Je suis arrivé en pensant connaître les pierogi. Je les mangeais régulièrement à la Pierogarnia Mandu et dans d’autres restaurants de Kazimierz, et j’avais développé des opinions sur le sujet.

Le cours de cuisine m’a appris trois choses que manger au restaurant n’enseigne pas :

Premièrement, la différence de qualité entre des pierogi frais correctement faits et les versions commerciales surgelées vendues partout en Europe n’est pas subtile — elle est catégorique. La pâte est incomparablement tendre ; la farce conserve son individualité ; le joint tient plutôt que d’avoir été criminpé à la machine et recongelé. Ça semble évident mais c’est plus percutant comme expérience que comme affirmation.

Deuxièmement, les pierogi ne sont pas un plat difficile mais c’est un plat qui prend du temps. Le cours a duré presque trois heures pour une portion qui nourrirait deux personnes lors d’un repas normal. La tradition de les faire en grande quantité — pour des réunions de famille, pour la veille de Noël — n’a de sens que lorsqu’on a passé du temps à les faire soi-même et compris l’économie du processus.

Troisièmement, la variation régionale et familiale est réelle et significative. La recette de l’hôte était celle de sa grand-mère. La recette que j’ai ensuite trouvée dans des livres de cuisine polonais diffère dans les proportions et l’assaisonnement. Il n’y a pas de pierogi ruskie canoniques ; il y a la version de votre grand-mère, qui est correcte, et celle de tous les autres, qui est également correcte dans sa propre logique.

Notes pratiques

Le cours que j’ai suivi a commencé à 14 h et a duré jusqu’à environ 17 h, pour un coût d’environ 180 PLN (43 €) par personne, incluant tous les ingrédients et le repas. C’est vers le haut de la fourchette de ce qu’on paiera pour un cours de cuisine à Cracovie. Le guide des cours de cuisine polonaise couvre la gamme des options et des prix, des cours courts sur un seul thème aux expériences plus longues de menus complets.

Pour le chemin le plus rentable vers une compréhension de la scène des pierogi de Cracovie, la combinaison d’un repas dans une vraie pierogarnia suivi d’un cours de cuisine est le trajet le plus efficace du consommateur au praticien.
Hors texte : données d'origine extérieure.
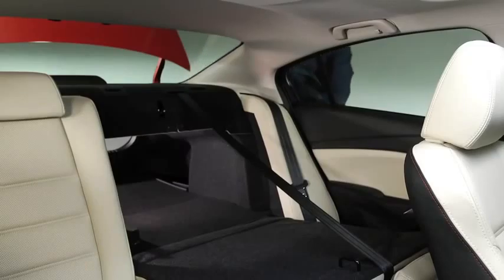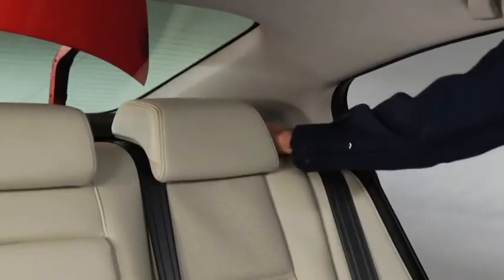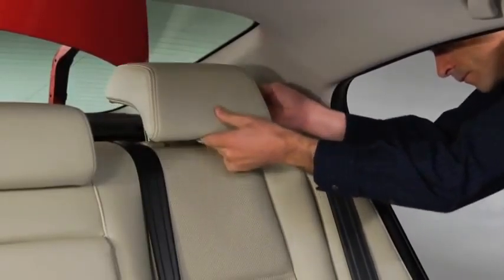To return the seat back to the upright position, press the seat back rearward and lock it in place. Pull on the top of the seat back to make sure it is locked.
Les restaurants rendent honneur au plat — notamment la Pierogarnia Mandu sur ul. Józefa à Kazimierz, et Pierogi Mr. Vincent dans la Vieille Ville — mais ils ne peuvent pas montrer le processus.

Ce qu’on fait du savoir ensuite est votre propre problème. J’ai depuis fait des pierogi deux fois à la maison, avec environ 70 % de succès sur les joints et 100 % de succès sur la dégustation.